▶ _What you should do_
The answer must be a single number: how many lines in the entries hold the string "Holiday".

________________________

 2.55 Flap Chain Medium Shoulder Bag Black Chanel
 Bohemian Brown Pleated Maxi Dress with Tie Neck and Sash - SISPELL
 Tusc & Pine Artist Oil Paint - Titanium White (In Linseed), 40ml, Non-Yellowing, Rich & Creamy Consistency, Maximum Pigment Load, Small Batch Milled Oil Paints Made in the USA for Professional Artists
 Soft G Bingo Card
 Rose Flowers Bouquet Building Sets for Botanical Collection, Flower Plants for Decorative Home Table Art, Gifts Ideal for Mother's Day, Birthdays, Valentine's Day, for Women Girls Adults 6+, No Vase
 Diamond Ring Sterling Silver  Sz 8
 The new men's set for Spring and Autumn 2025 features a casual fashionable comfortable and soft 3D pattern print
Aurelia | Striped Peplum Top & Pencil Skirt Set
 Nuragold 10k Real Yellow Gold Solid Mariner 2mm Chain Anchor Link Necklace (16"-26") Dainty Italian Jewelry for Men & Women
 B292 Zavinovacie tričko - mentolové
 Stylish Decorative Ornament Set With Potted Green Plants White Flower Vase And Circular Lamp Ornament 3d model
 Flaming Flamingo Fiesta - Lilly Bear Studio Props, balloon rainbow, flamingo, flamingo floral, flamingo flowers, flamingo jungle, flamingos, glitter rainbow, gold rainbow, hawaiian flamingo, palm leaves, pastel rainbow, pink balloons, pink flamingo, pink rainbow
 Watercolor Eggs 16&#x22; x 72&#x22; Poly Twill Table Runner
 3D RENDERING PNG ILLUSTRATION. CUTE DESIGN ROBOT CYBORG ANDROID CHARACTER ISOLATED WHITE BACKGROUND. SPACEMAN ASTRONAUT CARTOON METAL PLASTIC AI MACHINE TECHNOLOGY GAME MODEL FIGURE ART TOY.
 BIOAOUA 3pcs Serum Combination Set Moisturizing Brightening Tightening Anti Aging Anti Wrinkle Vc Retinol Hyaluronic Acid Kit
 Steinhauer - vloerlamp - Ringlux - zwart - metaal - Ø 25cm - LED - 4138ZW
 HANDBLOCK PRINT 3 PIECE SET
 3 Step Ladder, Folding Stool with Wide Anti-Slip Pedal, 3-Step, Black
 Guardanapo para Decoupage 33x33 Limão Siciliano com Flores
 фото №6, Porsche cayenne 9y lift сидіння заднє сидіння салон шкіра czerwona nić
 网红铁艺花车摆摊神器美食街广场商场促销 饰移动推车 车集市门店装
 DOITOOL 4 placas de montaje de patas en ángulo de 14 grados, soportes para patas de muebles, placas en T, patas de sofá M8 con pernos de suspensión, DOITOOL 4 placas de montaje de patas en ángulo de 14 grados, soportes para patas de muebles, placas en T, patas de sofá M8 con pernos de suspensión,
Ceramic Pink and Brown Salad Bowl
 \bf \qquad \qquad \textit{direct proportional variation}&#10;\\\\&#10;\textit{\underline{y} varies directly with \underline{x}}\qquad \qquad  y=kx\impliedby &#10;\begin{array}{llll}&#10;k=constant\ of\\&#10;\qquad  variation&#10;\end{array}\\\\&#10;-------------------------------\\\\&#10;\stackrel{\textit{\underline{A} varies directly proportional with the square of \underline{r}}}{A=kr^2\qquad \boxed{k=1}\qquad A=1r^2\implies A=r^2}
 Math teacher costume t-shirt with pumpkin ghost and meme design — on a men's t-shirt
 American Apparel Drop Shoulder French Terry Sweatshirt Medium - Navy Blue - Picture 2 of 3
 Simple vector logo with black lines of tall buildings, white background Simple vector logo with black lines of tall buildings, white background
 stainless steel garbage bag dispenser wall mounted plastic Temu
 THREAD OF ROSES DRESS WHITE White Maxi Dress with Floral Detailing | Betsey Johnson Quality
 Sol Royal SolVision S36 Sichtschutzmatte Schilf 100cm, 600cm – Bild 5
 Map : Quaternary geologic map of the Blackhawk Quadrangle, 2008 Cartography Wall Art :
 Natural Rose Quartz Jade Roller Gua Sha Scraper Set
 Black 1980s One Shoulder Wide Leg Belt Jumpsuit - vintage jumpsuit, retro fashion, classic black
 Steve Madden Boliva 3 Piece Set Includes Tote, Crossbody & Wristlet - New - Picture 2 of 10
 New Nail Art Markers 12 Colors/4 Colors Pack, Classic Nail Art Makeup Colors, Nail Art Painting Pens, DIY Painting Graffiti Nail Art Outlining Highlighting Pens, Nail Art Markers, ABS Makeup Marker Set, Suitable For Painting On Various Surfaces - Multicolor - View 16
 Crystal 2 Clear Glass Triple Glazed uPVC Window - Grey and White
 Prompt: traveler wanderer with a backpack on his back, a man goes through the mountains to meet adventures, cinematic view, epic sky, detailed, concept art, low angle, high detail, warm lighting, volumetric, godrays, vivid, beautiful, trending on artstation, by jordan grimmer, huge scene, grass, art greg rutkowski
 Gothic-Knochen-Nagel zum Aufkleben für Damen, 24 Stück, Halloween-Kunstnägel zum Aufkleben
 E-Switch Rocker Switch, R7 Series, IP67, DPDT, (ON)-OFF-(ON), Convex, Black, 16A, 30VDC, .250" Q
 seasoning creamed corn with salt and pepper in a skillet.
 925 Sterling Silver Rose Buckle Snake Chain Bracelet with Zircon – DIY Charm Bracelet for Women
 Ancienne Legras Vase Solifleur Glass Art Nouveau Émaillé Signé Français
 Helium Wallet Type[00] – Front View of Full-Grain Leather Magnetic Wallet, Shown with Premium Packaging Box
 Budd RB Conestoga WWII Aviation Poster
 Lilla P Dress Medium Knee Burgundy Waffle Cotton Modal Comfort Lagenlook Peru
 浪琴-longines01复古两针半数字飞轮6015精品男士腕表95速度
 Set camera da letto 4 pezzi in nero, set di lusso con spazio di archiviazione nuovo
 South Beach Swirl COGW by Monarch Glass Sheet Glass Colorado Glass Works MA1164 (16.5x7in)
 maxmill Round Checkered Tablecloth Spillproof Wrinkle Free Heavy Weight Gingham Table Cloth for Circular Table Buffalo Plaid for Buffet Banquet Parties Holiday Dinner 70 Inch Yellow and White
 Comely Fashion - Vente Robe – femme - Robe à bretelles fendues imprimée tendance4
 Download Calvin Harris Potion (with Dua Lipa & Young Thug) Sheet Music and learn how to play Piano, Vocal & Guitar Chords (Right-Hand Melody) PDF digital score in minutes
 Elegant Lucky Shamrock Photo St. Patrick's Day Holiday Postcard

________________________

▶ _Answer for this exercise_
2